Your name is Bob, you like in the US, you make a product which brushes your teeth for you. You can now sell that to the whole US population of 300 million people at $5. You make $1.5 Bn.

Your name is Francois, you like in France, you make the same product. You can now sell it to the whole of France's 65 million people for $5 which makes you only $325million.

If you want to sell else where you need translation, you need to address the change in cultures their toothpaste tubes don't fit etc etc. This all causes expense and profit margins go down.

In short, if you live in a big country or area with the same rules and regulations and culture, you make more money.

This is why the US is so rich. Everyone speaks the same language, drive on the same size roads, has similar values and so on.

Great. Lesson one, done.

Lesson two I'm going to abridge to stop this getting too big. The more money a country has the more you can get other countries to do what you want. If they don't do as you ask, sell all your investments in their country and their economy goes down the pan, people lose jobs, the leader gets kicked out, and you start the process again.

So with this in mind the leaders of the UK know that if we go it alone, we're going to get screwed with by countries like the US. So we need to get along side someone equally as big. The two obvious options at the moment is the EU and the US. Frankly I'd rather get on side with Australian, New Zealand and Canada, but whatever.

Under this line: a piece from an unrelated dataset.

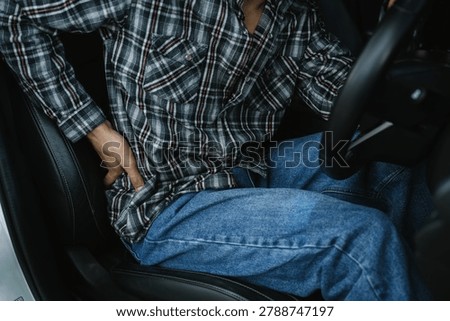 Driver experiencing lower back pain while sitting in a car, representing poor posture, musculoskeletal discomfort, driving fatigue, health issues, and ergonomic concerns.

This is where the explanation comes in for Labour's and the Lib Dem's behaviour. Everyone in Parliament knows we need to choose between the EU and US... how do they decide?

Ideology.

The United States is a free market, free speech, small government, morally Christian kinda place.

Europe/the EU is 'generally' is a protectionist, socialist, big government, morally secular kinda place.

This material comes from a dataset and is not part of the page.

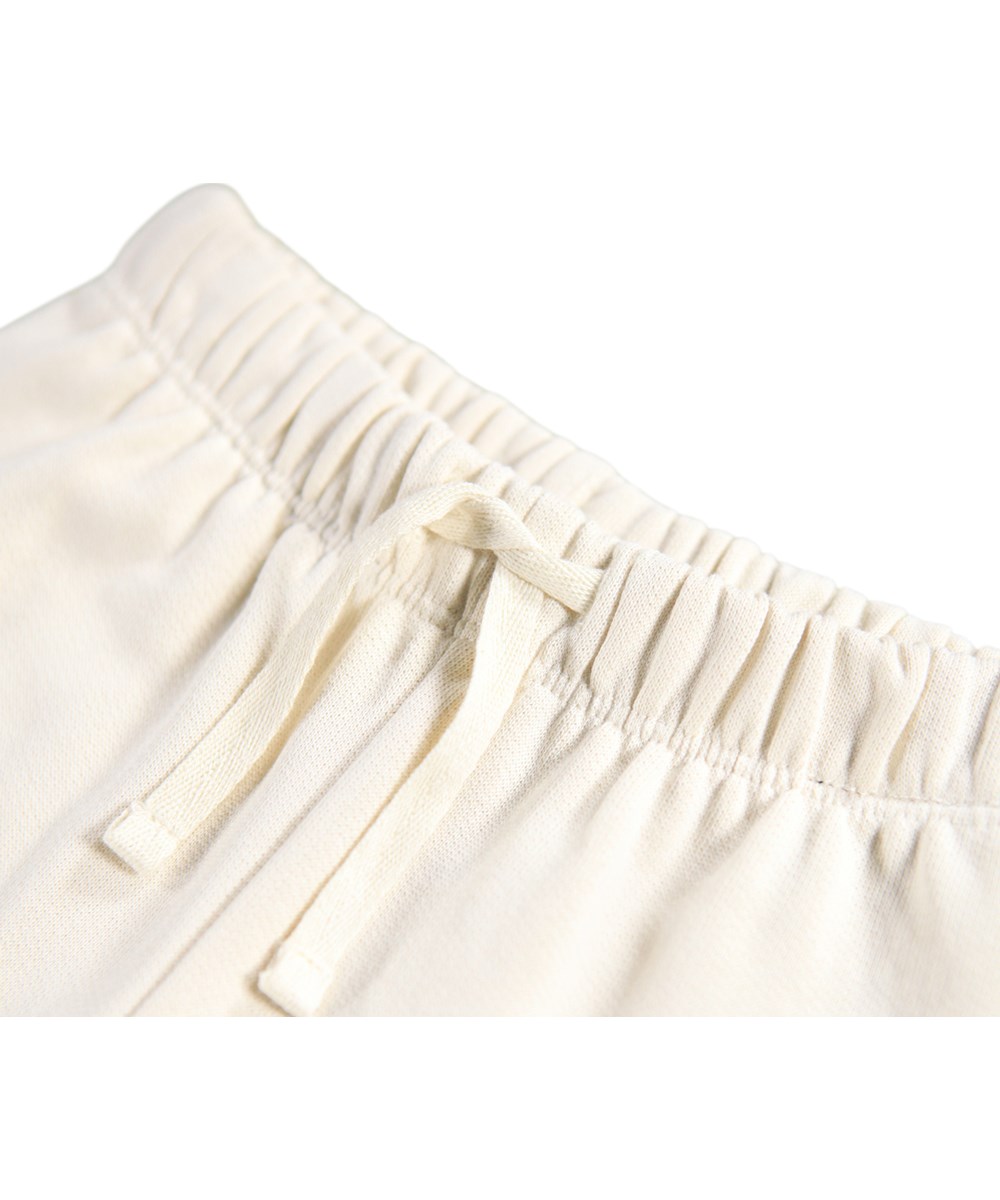 Simeon - White Noise - Soft pants for the little ones made of organic cotton. The pants are off-white with soft brown teddy bears on the knees.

Labour is protectionist, socialist, pro-big government and morally secular
Lib Dems are big government, morally secular
The Tories are for free speech, small government, free market, and half of them are morally Christian.

Get it?

Basically this is lifes play ground and we're having to choose who our friends are. Each party is trying to pick the ones that are most like them. This is just an epic sized question of "do you hang around with the junkies, the nerds, the jocks or the Crispys?"


You're not going to spend your life on your own, so it is time to choose some friends. But be careful who you choose, "Do not be deceived: “Evil company corrupts good habits.” or another proverb "The righteous should choose his friends carefully, For the way of the wicked leads them astray."

Now I'm not saying Europeans are evil or good or vis-a-versa. But you will become more like your friends, whomever they may be. Whether they are good or not.

So the next time you heard about a EU treaty and who has voted on it and how. Don't look at the small picture, whether the treaty has merit or not. Look at the bigger picture of the aims of the two parties, because I'm willing to bet that there is one group of people who will vote for it no matter what it says and others who will vote against, almost everytime.

That's because the question is not about that individual treaty really, rather it is about the country you want to live in in 30 years: a socialist leaning, protectionist, big government secular one, or a free market, small government (slightly more) Christian one.

That is the question for the EU vote, and that will ALWAYS be the question for each EU vote.